(Extracted data entries)
▼

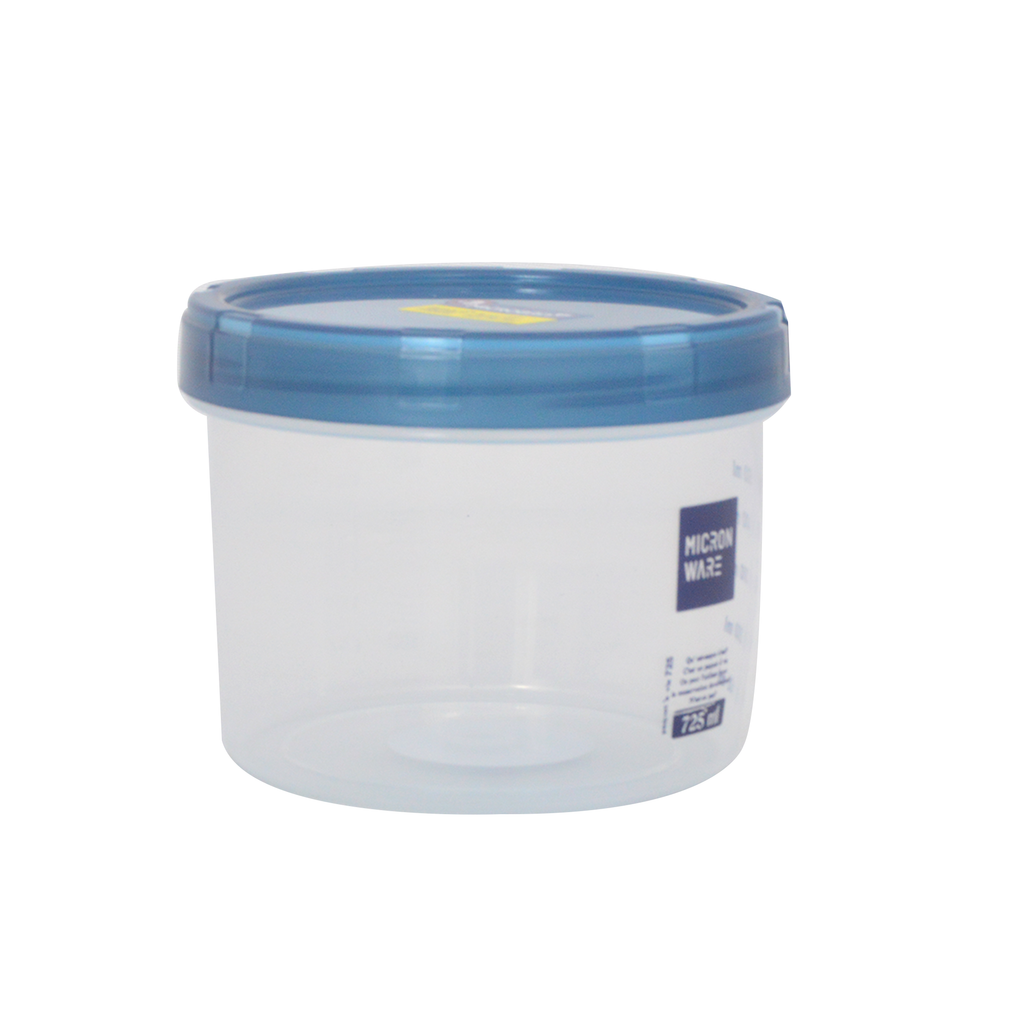 J9632 NEW CANISTER 725 ML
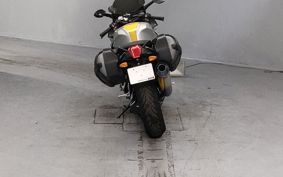 BMW K1200S 0581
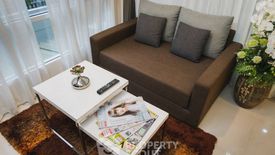 2 Bedroom Condo for rent in Beverly 33, Khlong Tan Nuea, Bangkok near BTS Phrom Phong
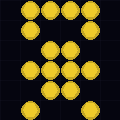190.2.147.231
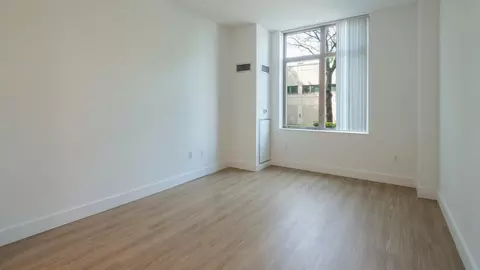 285 3rd St, Cambridge, MA 02142 photo 10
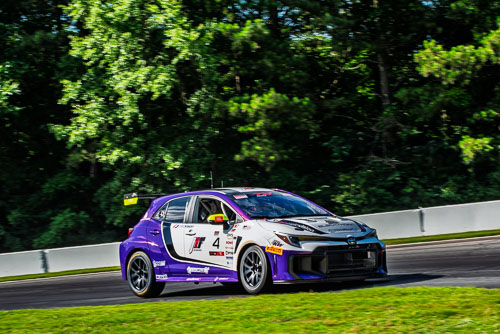 20260613_5620_FastCarPhotos.jpg 20260613_5620_FastCarPhotos.jpg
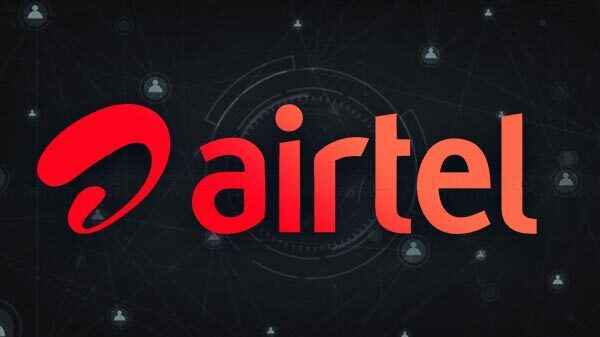 एयरटेल ने भी किया अच्छा प्रदर्शन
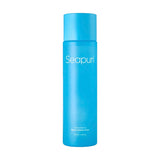 Seapuri Shavik Glacier Toner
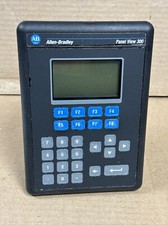 2711-K3A2L1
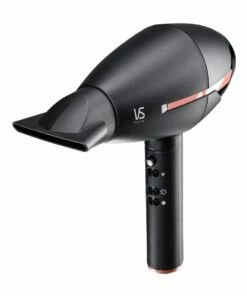Coupon 🔔 VS Sassoon Ravenna Expert 2400 Hair Dryer Black 👏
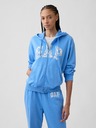 GAP Mikina s logem Gap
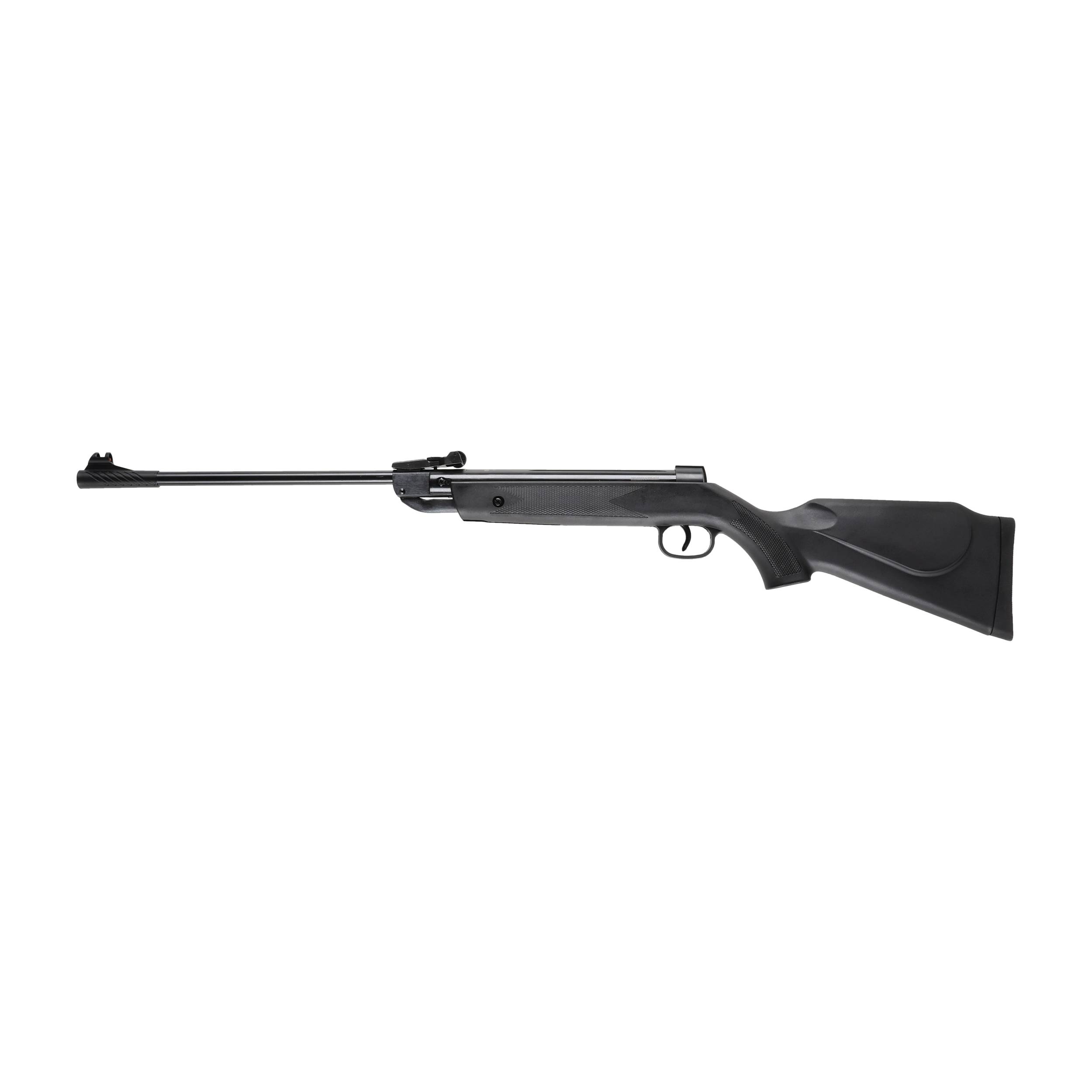Wiatrówka RazorGun B1 Scout 4,5 mm Wiatrówka RazorGun B1 Scout 4,5 mm
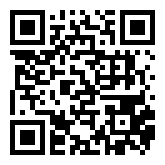 微信扫一扫
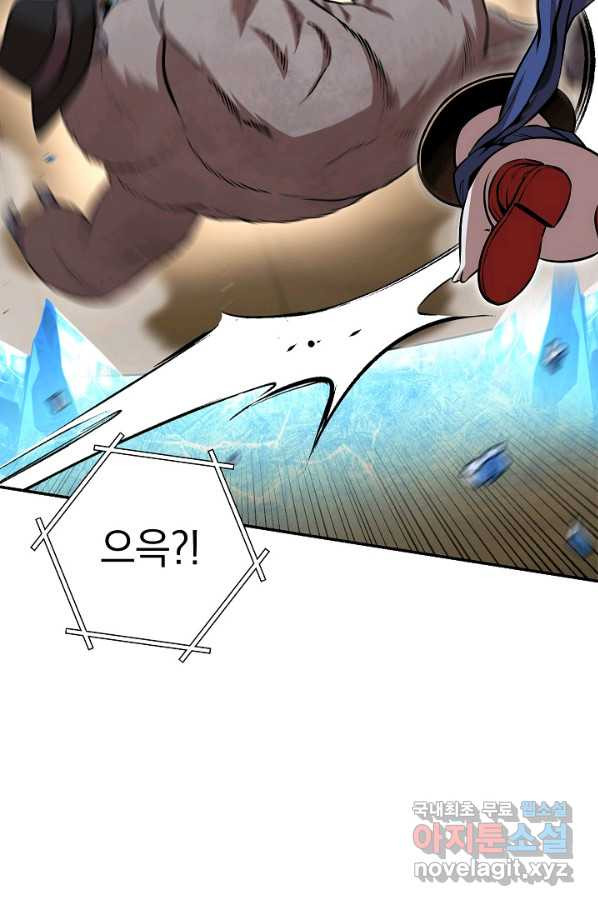 1653969604525rkxjpvgpgzo.jpeg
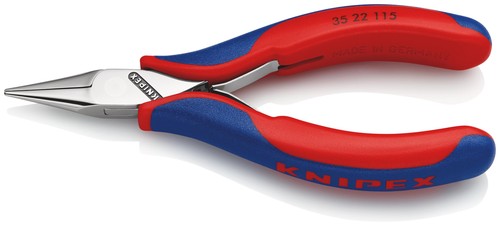 Knipex 115 - knipex, 22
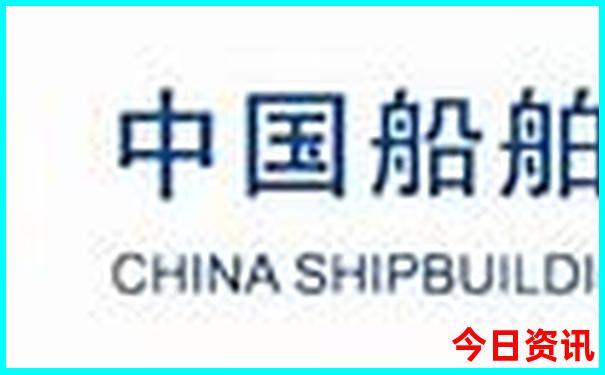 陕西值得去的旅游景点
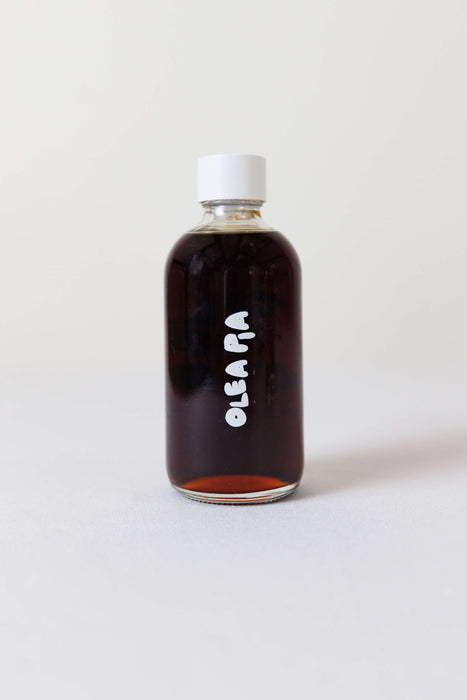Aceto Balsamico di Modena g.g.A. 250ml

▲

* _WORK ORDER_:
Only the lines from the one containing "एयरटेल ने भी किया अच्छा प्रदर्शन" through the last line of the data belong in the copy, both included and reproduced exactly. Pictures do not.

* _RESULT BELOW_:
 एयरटेल ने भी किया अच्छा प्रदर्शन
 Seapuri Shavik Glacier Toner
 2711-K3A2L1
Coupon 🔔 VS Sassoon Ravenna Expert 2400 Hair Dryer Black 👏
 GAP Mikina s logem Gap
Wiatrówka RazorGun B1 Scout 4,5 mm Wiatrówka RazorGun B1 Scout 4,5 mm
 微信扫一扫
 1653969604525rkxjpvgpgzo.jpeg
 Knipex 115 - knipex, 22
 陕西值得去的旅游景点
Aceto Balsamico di Modena g.g.A. 250ml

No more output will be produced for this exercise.